A prototype of a multimodal web resource analysis system was developed using a microservice architecture. The system is designed for high efficiency and seamless integration with a security operations center, demonstrating the ability to process 500–1100 events per second (EPS) using a subset of models.

The software implementation leverages Docker containers, RESTful interfaces, and a distributed logging system. Each component, including the Telegram interface, the analysis service, and the external threat intelligence platform module, is designed as an independent service. This architectural choice enhances the system’s scalability, fault tolerance, and maintainability.

Furthermore, the proposed models were optimized for CPU execution by compiling their code, which resulted in a 26% increase in computational performance. The system’s stability and operational integrity were validated through testing under conditions simulating a production environment, where it demonstrated reliable performance under loads and successful integration with SOC environments, including visualization and correlation tools such as Elasticsearch and Praeco.

Multimodal phishing detection systems that integrate explainable artificial intelligence (XAI) have achieved substantial maturity in recent years, demonstrating high accuracy rates typically ranging from 98% to 99%, while simultaneously offering enhanced decision transparency.
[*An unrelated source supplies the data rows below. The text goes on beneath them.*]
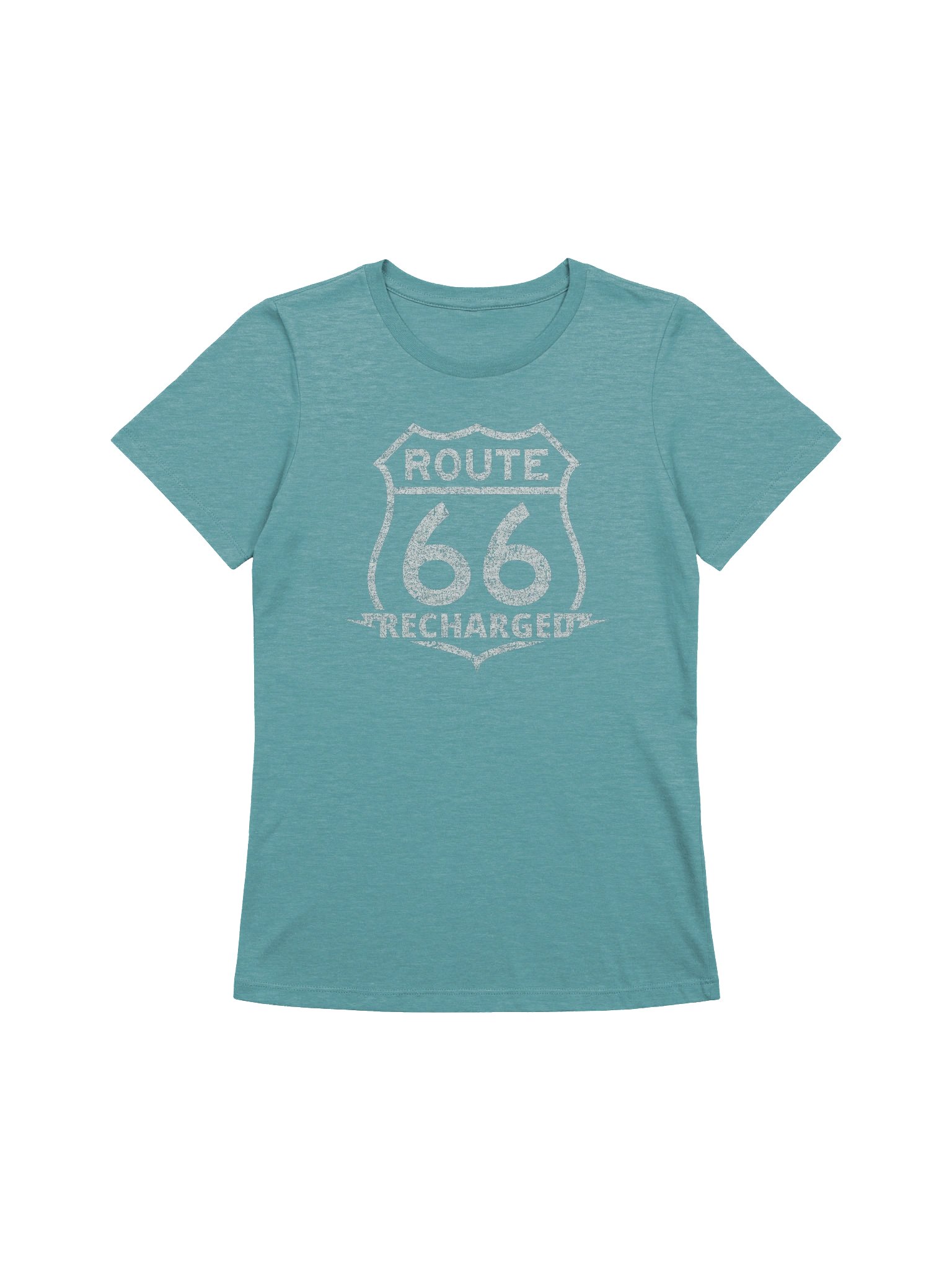 Route 66 Recharged - White Faded Shield Outline (Womens) product image (6)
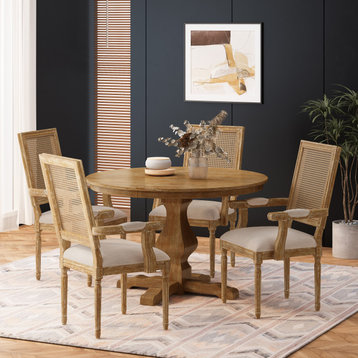Joretta French Country Upholstered Wood and Cane 5-Piece Circular Dining Set, Natural/Beige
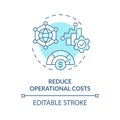 Operational costs reduce soft blue concept icon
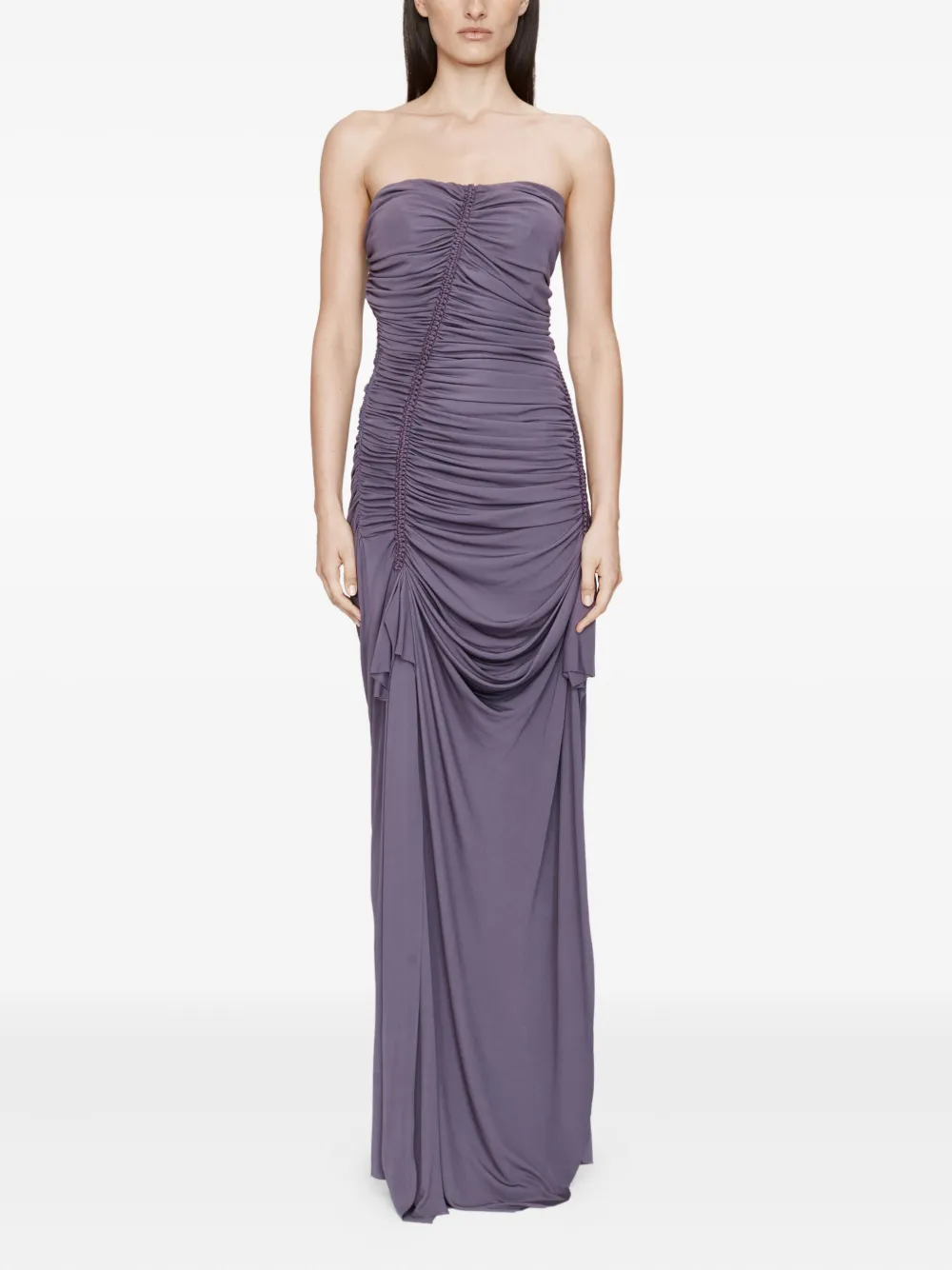 Christopher Esber Shibari strapless jersey maxi-jurk met ruches - Paars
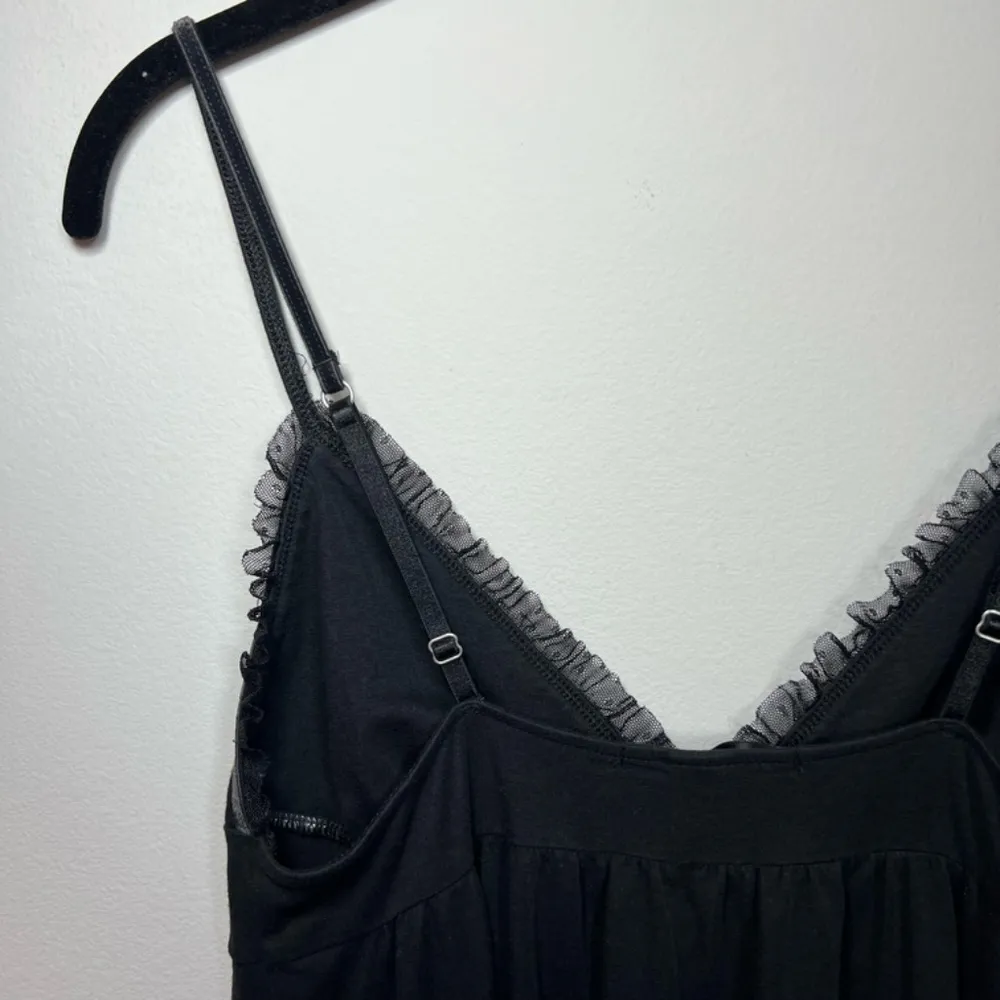 Victoria’s Secret Nightie Lingerie Slip Dress Black Lace Trim Cotton Soft Medium - Image 8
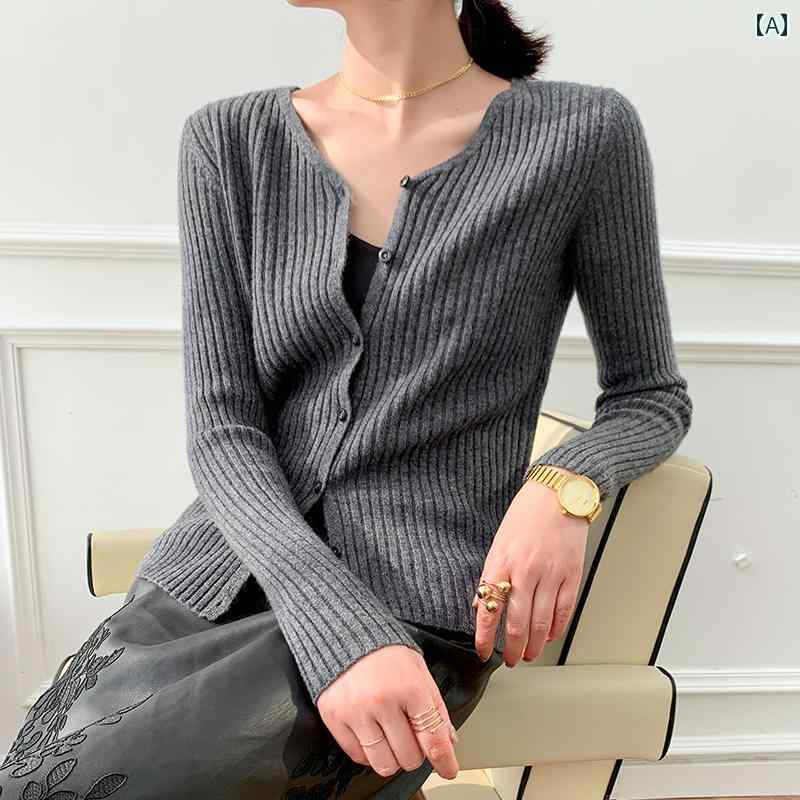 ニット レディース おしゃれ カーディガン カジュアル 春秋 ウール スリム フィット Vネック イエロー ブラック キャメル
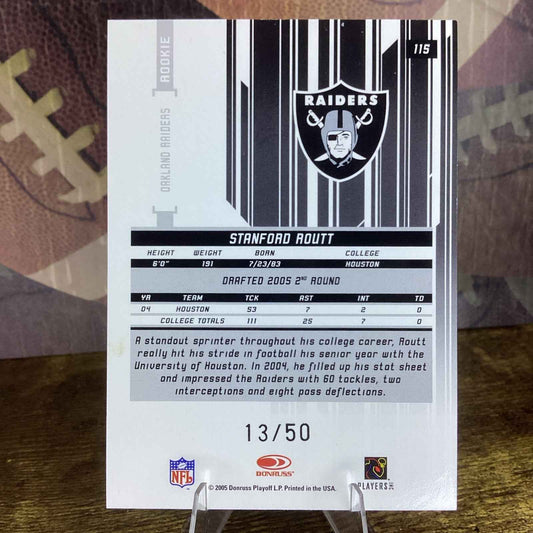 2005 Leaf Rookies & Stars Longevity Parallel True Blue /50 Stanford Routt RC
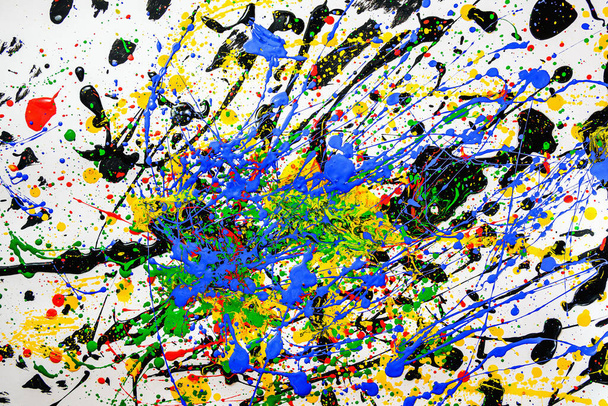 Абстрактная экспрессия на цветовом фоне. яркая акварельная иллюстрация. метод дриппинга. - Фото, изображение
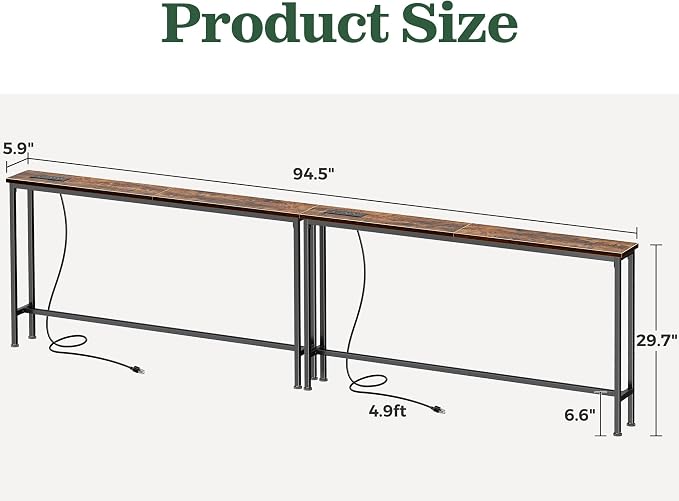 SUPERJARE 94.5 inch Narrow Console Table with Outlet, Sofa Tables, Behind Couch Table, Long Entryway Tables with Charging Station, for Living Room, Rustic Brown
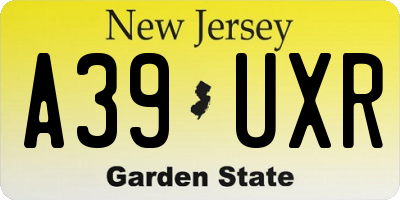 NJ license plate A39UXR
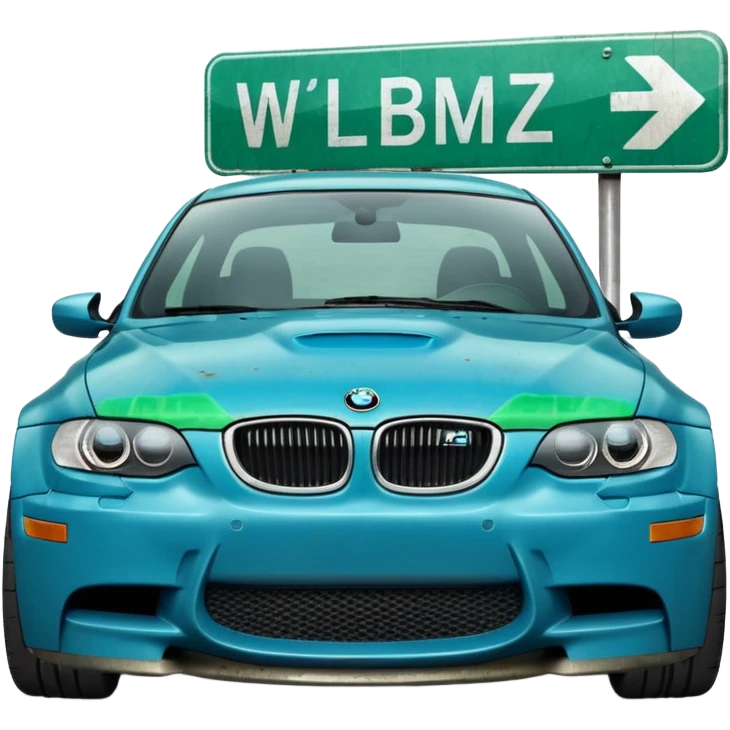 Make me an emoji with a blue bmw M3 and a street sign with W LZR on it emoji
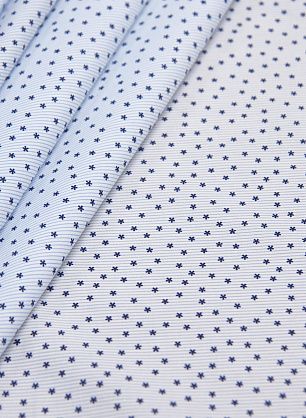 Сорочечная (н) синие цветы на бело-голубой полоске - в интернет-магазине тканей Тессутидея арт. 01-5693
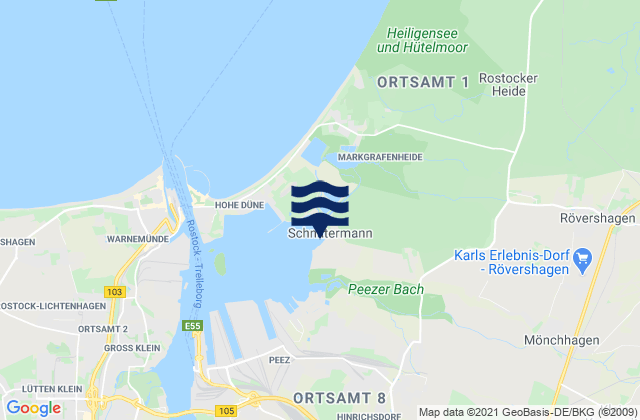 Mapa de mareas Nienhagen, Germany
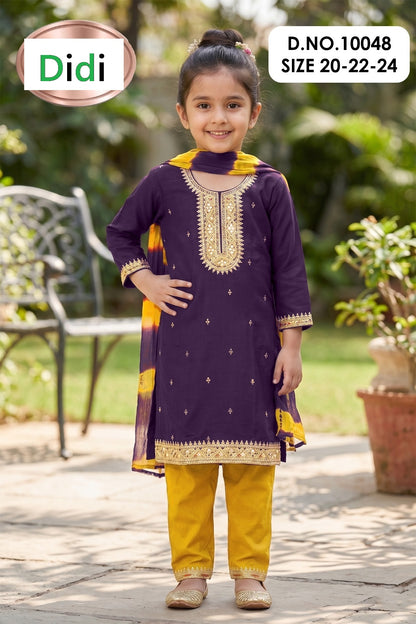 Yukti 2 Dn 10048 Didi Rayon 22Kg Girls Readymade Pant Suits Wholesaler India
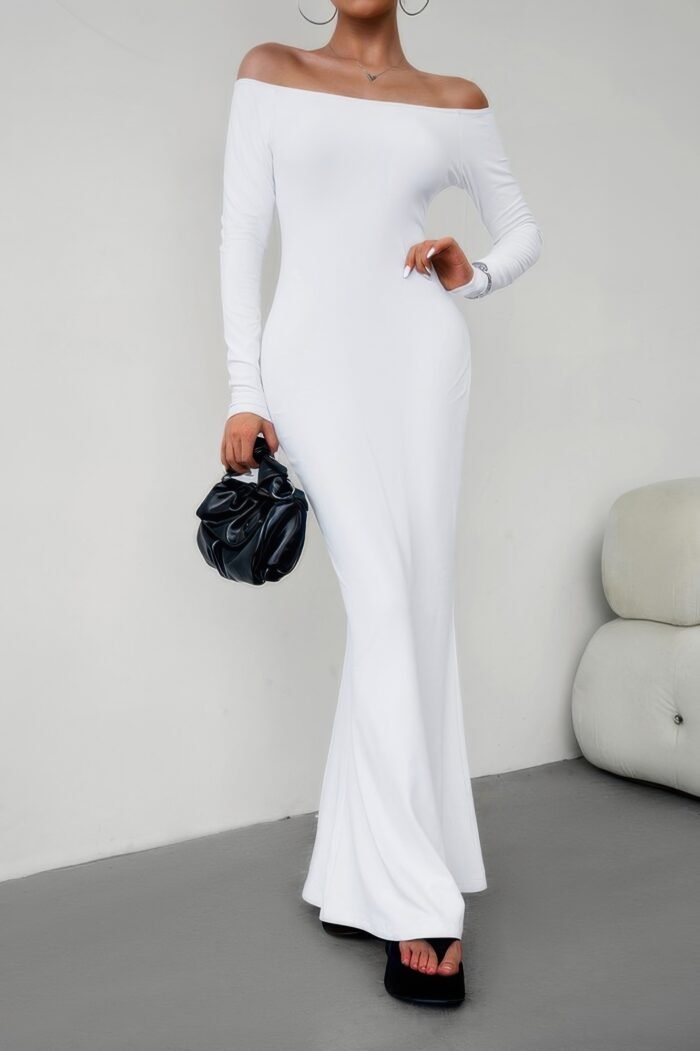 Solid elastic off shoulder bodycon long sleeve dress - image 5
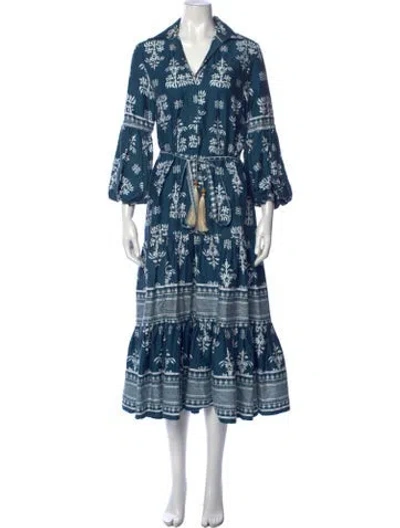 Pre-owned Andres Otalora Printed Long Dress In Blue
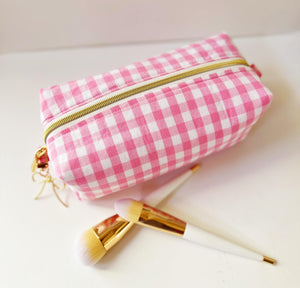 Pink Gingham Pattern Zipper Bag - Boxy Bag- Makeup Pouch - Travel Bag - Wedding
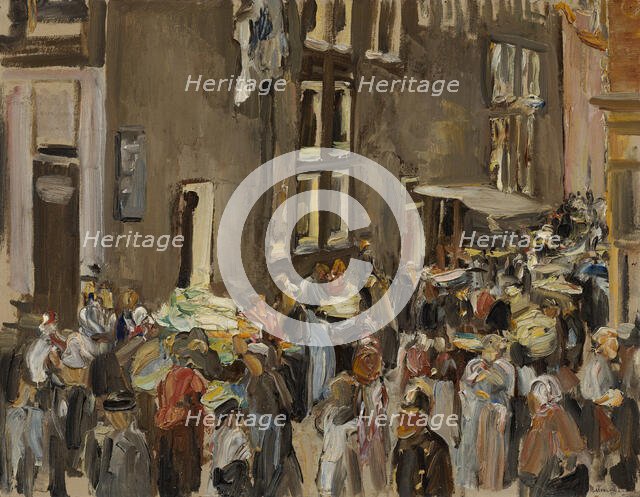 Jewish Street in Amsterdam, at the intersection of Uilenburgersteeg and Jodenbreestraat, 1905. Creator: Liebermann, Max (1847-1935).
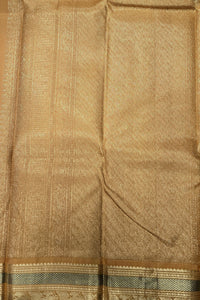 Navy Blue Kanchipuram Silk Saree with Yellow Border – Classic & Vibrant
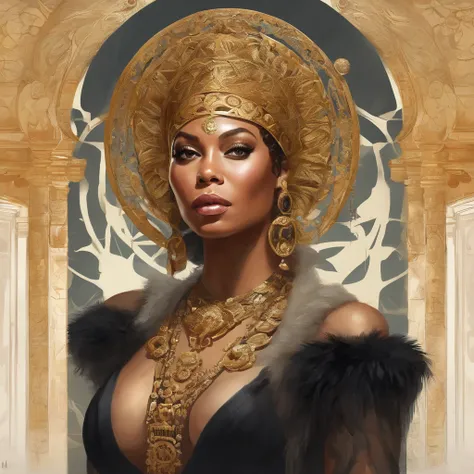 A painting of Beyoncé with a golden headdress and a black dress, Mucha Klimt e Tom Bagshaw, Bel arte UHD 4K, Arte digital altamente detalhada em 4k, exquisite digital illustration, WLOP complexo, Arte Nova! Cyberpunk! Estilo, Arte digital detalhada em 4k, ...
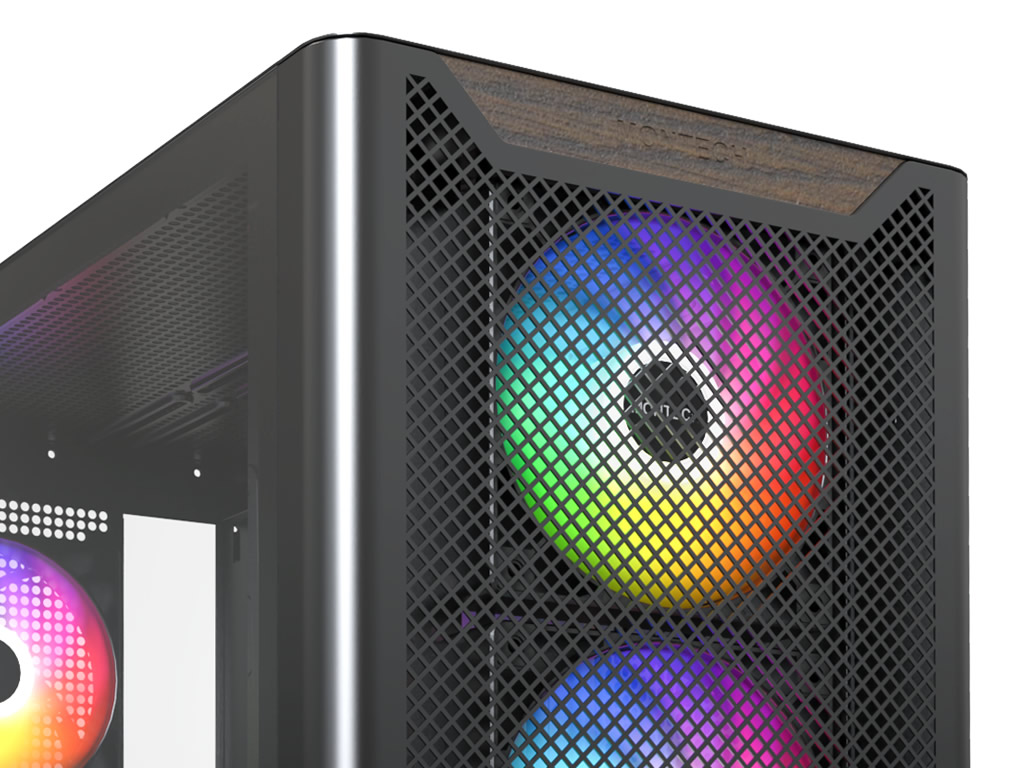 前面に木製プレートを装着したミドルタワーPCケース、MONTECH「XR WOOD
Nevertheless, the threat landscape is continually evolving, driven by emerging adversarial threats, the proliferation of AI-generated phishing content, and the industrialization of attacks via Phishing-as-a-Service (PaaS) platforms.

The future of anti-phishing defence lies in hybrid approaches that combine the speed of traditional ML for real-time screening, the accuracy of LLMs for zero-day detection, the robustness of ensemble methods against adversarial attacks, privacy federation learning for collaborative defence, and human-in-the-loop intelligence for critical decisions.

Critical success in this domain depends on achieving an appropriate balance across several competing factors: automation versus human expertise, system performance versus interpretability, and centralized protection versus decentralized privacy. The development of a resilient defence system against the continuously evolving threat of phishing requires a multidisciplinary, collaborative effort that effectively integrates insights and methodologies from machine learning, cybersecurity, human–computer interaction, and legislative regulation.

Author Contributions

Conceptualization, A.V. and A.S. (Alexey Sulavko); methodology, A.V.; software, A.V., A.S. (Alexey Sulavko) and A.M.; validation, A.V., A.K. and A.M.; formal analysis, A.K.; investigation, V.V.; resources, A.V.; data curation, A.S. (Alexey Sulavko); writing—original draft preparation, A.V.; writing—review and editing, A.S. (Alexander Samotuga); visualization, A.K.; supervision, A.S. (Alexey Sulavko); project administration, A.S. (Alexey Sulavko); funding acquisition, A.S. (Alexey Sulavko). All authors have read and agreed to the published version of the manuscript.

Funding

This research was funded by the state assignment of the Ministry of Science and Higher Education of the Russian Federation, grant no. FSGF-2023-0004.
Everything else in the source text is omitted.